Task details => Below are entries. Reproduce exactly the lines between the line holding "USED 2014 14" and the line holding "Apartamento Earino Suites And Villa", inclusive, and only those.

Input =>

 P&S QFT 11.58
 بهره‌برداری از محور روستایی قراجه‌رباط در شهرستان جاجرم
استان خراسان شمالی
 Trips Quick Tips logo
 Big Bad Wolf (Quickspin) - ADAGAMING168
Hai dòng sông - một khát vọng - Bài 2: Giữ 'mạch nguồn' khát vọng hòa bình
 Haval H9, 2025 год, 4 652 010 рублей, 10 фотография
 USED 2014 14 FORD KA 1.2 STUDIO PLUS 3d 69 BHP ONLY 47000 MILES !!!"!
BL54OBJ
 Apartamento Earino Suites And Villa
...
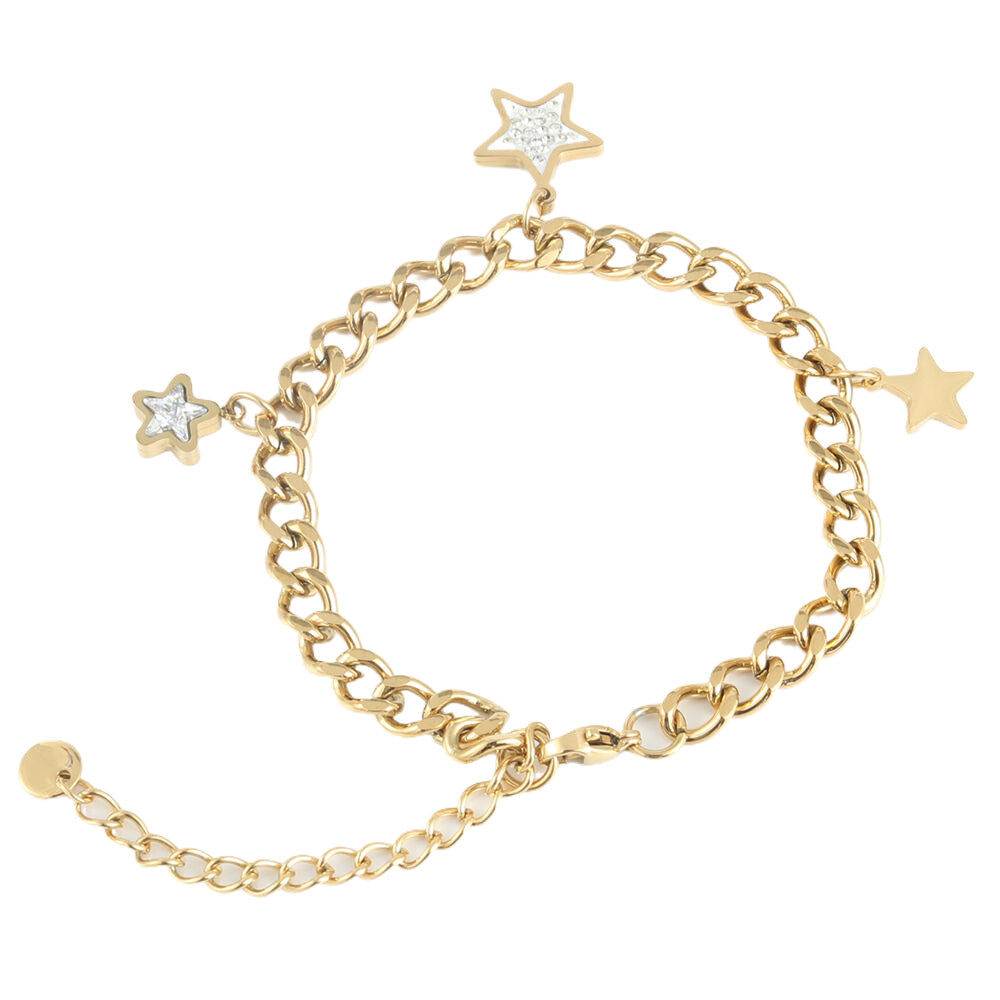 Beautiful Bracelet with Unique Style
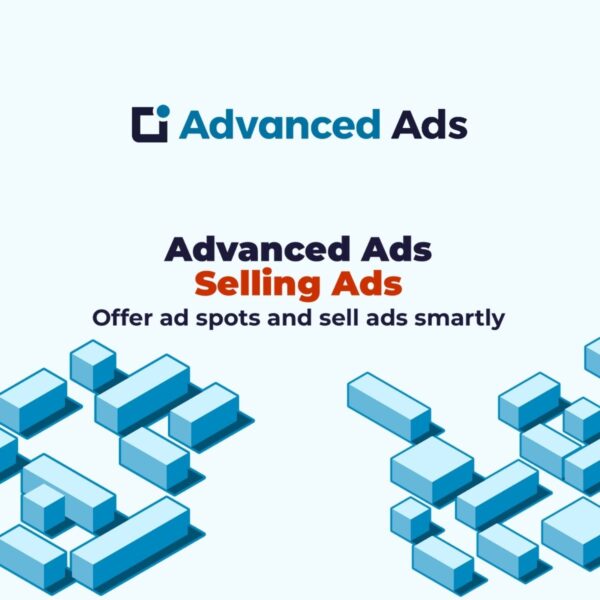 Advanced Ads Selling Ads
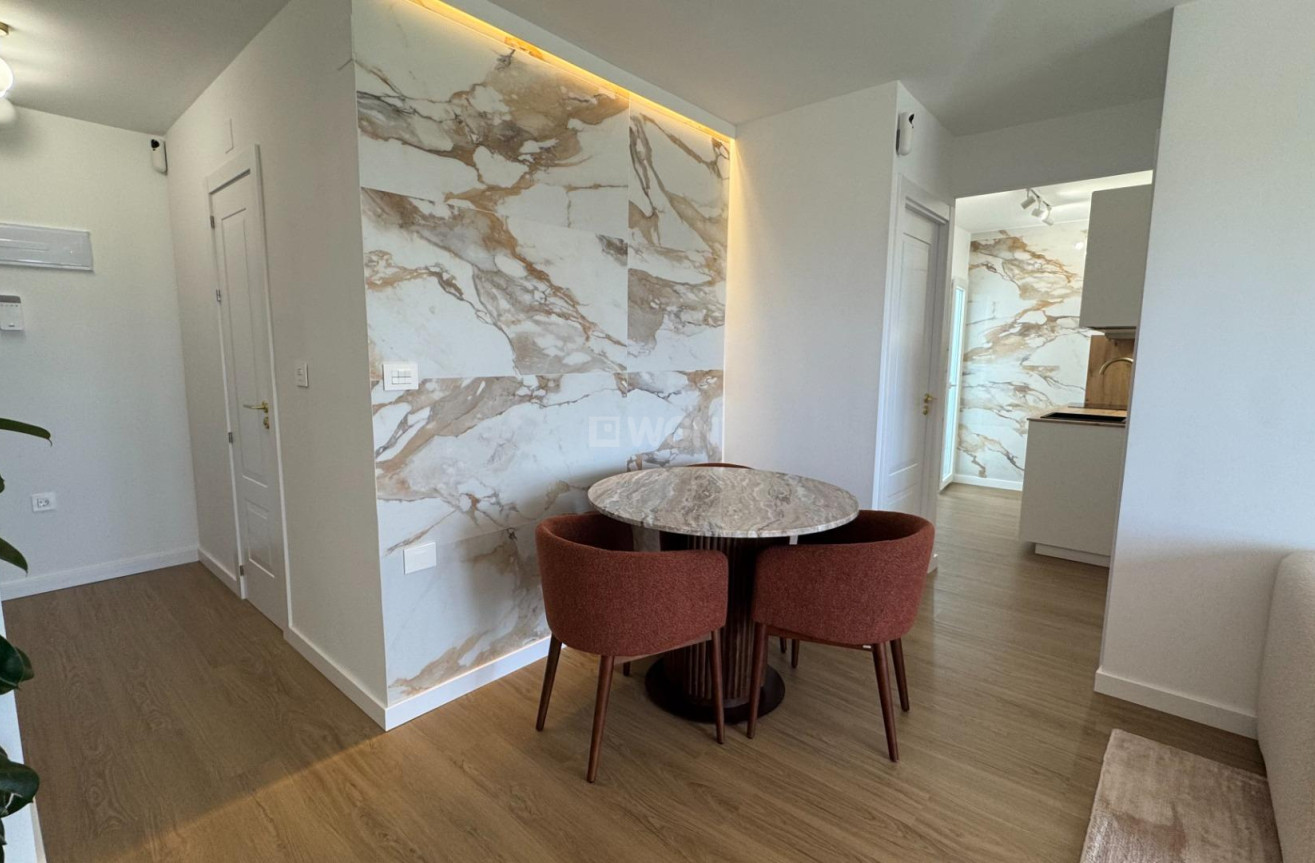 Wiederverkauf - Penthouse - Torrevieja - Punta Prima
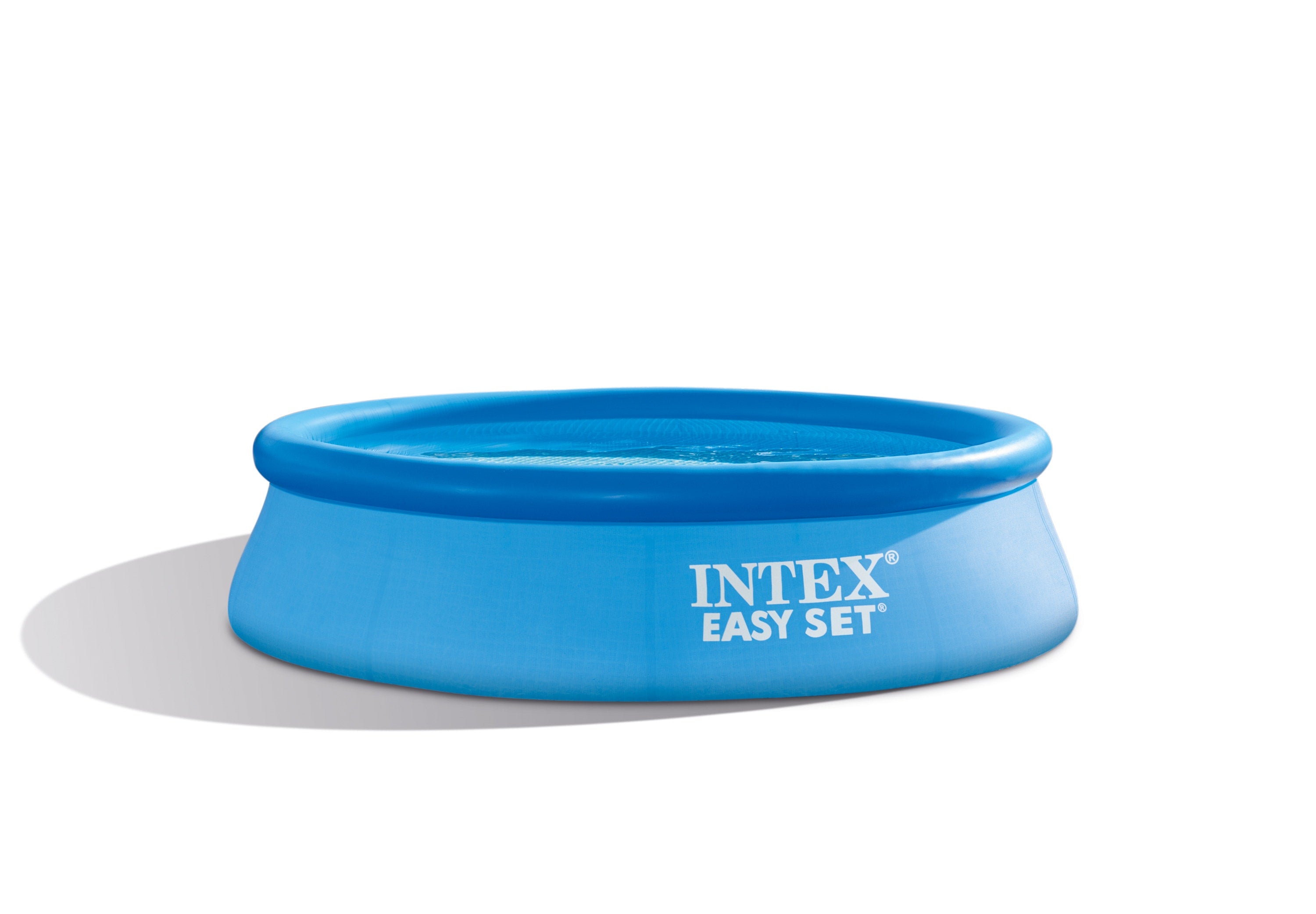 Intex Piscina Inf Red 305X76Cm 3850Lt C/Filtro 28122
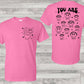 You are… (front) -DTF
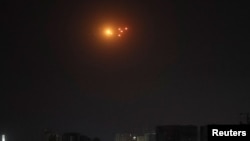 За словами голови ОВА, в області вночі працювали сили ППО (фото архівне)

The completed task =>
 USED 2014 14 FORD KA 1.2 STUDIO PLUS 3d 69 BHP ONLY 47000 MILES !!!"!
BL54OBJ
 Apartamento Earino Suites And Villa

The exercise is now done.